OTTAWA (CCN) — Ontario members of the Society of St. Vincent de Paul have adopted five Nunavut communities to support through the shipments of food and other goods.

Parishes in Ottawa, Windsor, St. Catharine’s, Kitchener-Waterloo and elsewhere are collecting needed items to fill sea containers that will go to Rankin Inlet, Whale Cove, Gjoa Haven, Taloyoak and Naujaat, formerly Repulse Bay.

“We’ve got a great committee going on it,” said Bernie Hartlin of Holy Redeemer Parish in Ottawa, and co-ordinator for Ottawa’s English-speaking Society members. They are now filling one of two sea containers Ottawa members will fill. “Everyone’s being fired up around it.”

Pegg Leroux, one of the two vice-presidents for the Society’s Ontario region, has spearheaded Ontario’s involvement. Ontario decided to take on Nunavut at the region’s annual general assembly (AGA) in 2015. “We only had an inkling of what the situation is,” she said.

In October 2015 Leroux visited Rankin Inlet, a regional hub of more than 3,000 people, and Whale Cove, a small community of about 400.

Her 10 days there were “a learning experience,” Leroux said. “I listened to their daily lives. I listened to the differences in our northern brothers and sisters.”

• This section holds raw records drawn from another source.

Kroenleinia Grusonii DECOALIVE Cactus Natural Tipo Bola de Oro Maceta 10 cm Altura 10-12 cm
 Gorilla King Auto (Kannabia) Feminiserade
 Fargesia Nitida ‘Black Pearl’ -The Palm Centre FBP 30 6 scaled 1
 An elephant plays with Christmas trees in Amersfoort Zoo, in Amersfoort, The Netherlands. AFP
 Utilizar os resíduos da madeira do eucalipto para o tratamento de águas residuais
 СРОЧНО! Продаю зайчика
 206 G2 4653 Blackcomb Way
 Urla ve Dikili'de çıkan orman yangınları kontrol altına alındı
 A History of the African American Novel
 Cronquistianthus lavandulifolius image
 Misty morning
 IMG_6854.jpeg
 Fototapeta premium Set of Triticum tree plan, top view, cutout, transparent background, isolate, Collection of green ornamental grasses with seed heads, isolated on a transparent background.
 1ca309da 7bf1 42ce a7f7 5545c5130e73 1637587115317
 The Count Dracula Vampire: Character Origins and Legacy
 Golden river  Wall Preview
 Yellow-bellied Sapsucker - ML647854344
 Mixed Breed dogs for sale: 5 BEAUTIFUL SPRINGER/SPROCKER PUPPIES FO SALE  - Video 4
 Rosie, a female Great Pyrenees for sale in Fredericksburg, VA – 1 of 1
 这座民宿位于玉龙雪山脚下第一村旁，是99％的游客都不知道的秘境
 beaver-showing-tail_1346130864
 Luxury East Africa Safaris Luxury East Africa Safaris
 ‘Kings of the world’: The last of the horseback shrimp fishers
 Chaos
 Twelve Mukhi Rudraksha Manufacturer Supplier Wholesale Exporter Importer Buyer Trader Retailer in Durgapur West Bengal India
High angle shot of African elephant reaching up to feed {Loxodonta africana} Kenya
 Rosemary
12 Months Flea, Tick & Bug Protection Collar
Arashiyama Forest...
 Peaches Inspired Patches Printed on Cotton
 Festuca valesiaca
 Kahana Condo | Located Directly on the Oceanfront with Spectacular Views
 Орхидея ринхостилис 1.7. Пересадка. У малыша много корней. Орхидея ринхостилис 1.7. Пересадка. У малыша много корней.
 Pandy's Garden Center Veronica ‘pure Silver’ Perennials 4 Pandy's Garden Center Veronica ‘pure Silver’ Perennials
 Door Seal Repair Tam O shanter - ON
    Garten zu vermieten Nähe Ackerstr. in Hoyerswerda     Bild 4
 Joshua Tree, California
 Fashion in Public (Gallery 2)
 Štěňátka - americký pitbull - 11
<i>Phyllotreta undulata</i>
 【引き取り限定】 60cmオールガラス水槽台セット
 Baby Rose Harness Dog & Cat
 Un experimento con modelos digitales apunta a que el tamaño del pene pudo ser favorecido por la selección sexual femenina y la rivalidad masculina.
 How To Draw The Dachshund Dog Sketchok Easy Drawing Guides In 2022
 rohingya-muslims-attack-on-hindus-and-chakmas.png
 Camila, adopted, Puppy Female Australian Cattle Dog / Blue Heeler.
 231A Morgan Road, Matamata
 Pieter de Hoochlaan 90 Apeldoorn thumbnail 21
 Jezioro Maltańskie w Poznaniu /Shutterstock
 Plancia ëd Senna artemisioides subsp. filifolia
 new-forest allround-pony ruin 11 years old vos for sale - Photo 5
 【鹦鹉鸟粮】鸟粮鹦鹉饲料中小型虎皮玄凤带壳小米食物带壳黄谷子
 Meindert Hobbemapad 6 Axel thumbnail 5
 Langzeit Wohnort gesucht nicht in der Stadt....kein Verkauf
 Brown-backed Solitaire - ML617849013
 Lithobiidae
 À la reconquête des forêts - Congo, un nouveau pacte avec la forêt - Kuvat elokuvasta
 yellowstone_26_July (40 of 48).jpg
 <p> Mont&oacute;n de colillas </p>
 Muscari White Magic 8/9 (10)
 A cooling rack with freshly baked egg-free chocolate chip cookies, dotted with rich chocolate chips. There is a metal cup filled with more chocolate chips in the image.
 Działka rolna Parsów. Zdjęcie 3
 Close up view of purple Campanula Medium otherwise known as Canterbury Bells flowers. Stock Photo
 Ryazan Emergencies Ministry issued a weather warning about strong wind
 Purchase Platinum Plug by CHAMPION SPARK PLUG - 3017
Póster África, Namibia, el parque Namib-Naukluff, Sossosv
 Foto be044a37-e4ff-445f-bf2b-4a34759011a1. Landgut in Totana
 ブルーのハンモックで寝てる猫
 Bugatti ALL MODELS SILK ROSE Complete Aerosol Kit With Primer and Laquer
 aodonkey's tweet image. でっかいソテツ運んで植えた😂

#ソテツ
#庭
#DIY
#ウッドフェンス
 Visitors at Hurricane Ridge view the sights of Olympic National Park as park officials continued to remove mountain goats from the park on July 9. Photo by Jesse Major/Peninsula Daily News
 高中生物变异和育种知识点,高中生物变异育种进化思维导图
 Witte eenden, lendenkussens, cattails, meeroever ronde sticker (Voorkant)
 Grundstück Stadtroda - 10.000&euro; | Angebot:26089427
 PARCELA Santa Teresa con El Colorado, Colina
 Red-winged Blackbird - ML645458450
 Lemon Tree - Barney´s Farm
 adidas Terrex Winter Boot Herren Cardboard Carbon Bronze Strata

While she knows there are poor in the south, the desperate situation in the north “has become a part of every wakeful moment I’ve had since then.”

She has been up three times now, “just to learn.” 

“What I learned from my brothers and sisters up north was the biggest thing we have to establish was trust,” she said. “There have been so many promises made, either not lived up to or broken promises.”

In 2016, the Society was able to send up two sea containers. “Last year, I lost my kitchen, my dining room, my basement and my garage to food,” she said. They were also able to send some shipments by plane.

Ontario has followed the template created by Peter Ouellette, a Vincentian in Edmonton. Ouellette was able to mentor Leroux for about six months.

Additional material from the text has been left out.